Description
This alert is triggered when the server SSD usage in percentage exceeds the specified threshold.
Principle
The following table describes the key parameters that are involved in the monitoring and alerting logic.
| Parameter | Value |
|---|---|
| Metric | ssd_wear_indicator The server SSD usage in percentage. A higher value indicates a higher SSD usage. |
| Source | The metric is obtained by executing the built-in script of StarAgent that detects the SSD usage. |
| Collected metric | ssd_wear_indicator |
| Metric expression | max(ssd_wear_indicator{@LABELS}) by (@GBLABELS) |
| Collection cycle | 1 second |
Alert rule
| Metric | Default threshold (unit: %) | Duration | Alert cycle | Time before clearance |
|---|---|---|---|---|
| ssd_wear_indicator | 95 | 0 seconds | 60 seconds | 5 minutes |
Alert information
| Trigger method | Alert level | Scope |
|---|---|---|
| Based on the metric expression | Critical | Server |
Alert templates
Overview: ${alarm_target} ${alarm_name}
Details: Cluster: ${ob_cluster_name}. Host: ${host}. Alert: ${alarm_name}. The SSD usage reaches ${value_shown}, which exceeds ${alarm_threshold} %.

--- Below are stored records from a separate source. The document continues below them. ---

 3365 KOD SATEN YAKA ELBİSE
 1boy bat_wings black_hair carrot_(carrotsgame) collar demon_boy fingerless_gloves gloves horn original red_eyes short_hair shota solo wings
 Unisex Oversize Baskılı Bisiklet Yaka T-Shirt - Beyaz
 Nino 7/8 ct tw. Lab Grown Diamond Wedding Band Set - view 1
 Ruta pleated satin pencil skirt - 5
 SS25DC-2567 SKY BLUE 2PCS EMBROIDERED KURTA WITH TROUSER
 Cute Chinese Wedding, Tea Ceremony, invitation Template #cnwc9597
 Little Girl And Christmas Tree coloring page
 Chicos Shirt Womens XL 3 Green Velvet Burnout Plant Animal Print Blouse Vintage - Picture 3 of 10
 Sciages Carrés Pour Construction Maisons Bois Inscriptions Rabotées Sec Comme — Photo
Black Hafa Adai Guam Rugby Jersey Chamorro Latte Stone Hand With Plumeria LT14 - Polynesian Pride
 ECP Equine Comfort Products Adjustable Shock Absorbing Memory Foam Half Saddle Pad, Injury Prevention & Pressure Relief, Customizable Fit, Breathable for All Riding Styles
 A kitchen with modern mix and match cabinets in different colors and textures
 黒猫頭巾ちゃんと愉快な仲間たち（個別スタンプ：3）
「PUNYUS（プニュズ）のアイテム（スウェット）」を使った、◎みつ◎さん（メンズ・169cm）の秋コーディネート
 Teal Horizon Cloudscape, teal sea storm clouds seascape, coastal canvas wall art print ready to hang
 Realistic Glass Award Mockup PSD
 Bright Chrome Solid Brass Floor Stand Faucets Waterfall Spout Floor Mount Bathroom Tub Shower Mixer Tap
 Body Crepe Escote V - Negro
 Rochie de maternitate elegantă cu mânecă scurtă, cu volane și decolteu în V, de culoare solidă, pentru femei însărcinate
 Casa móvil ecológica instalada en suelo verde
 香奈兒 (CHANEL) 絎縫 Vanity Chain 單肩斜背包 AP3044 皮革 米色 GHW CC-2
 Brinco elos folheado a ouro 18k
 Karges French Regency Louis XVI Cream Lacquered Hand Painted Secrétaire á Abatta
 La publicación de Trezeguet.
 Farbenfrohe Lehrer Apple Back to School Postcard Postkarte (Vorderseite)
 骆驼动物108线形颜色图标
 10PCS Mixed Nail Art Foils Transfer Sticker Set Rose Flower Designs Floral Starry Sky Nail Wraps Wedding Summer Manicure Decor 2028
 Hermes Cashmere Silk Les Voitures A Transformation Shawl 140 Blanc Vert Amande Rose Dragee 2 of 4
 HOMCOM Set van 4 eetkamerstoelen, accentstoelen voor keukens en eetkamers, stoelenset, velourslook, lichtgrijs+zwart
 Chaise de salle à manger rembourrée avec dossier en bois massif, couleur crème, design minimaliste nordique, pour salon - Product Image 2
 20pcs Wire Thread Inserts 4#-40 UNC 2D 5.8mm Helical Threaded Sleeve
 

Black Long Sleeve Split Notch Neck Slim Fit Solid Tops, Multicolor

Overview example: svr_ip=192.168.0.1. The SSD usage of the server exceeds the specified threshold.
Details example: Cluster: obcluster-1. Host: 192.168.0.1. Alert: The SSD usage of the server exceeds the specified threshold. The SSD usage reaches 97 %, which exceeds 95 %.
Impact on the system
After the SSD usage reaches 100%, the SSD becomes unavailable. Therefore, it is necessary to monitor the SSD usage. Full SSD usage may have the following impacts:
Data write to the SSD fails. The data disk, log disk, and installation disk of OceanBase Database can be SSDs, and data is written to the SSDs during minor compactions, log recording, and major compactions.
Data read from the SSD fails. If data cannot be written to the SSD, the process can be stuck, which affects the data read.
Possible causes
The SSD is full.
Solutions
Check whether the SSD is full or damaged.
Contact OceanBase Technical Support to check the remaining write/erase cycles of the SSD by using specialized tools. If the SSD is almost worn out, replace the SSD in time.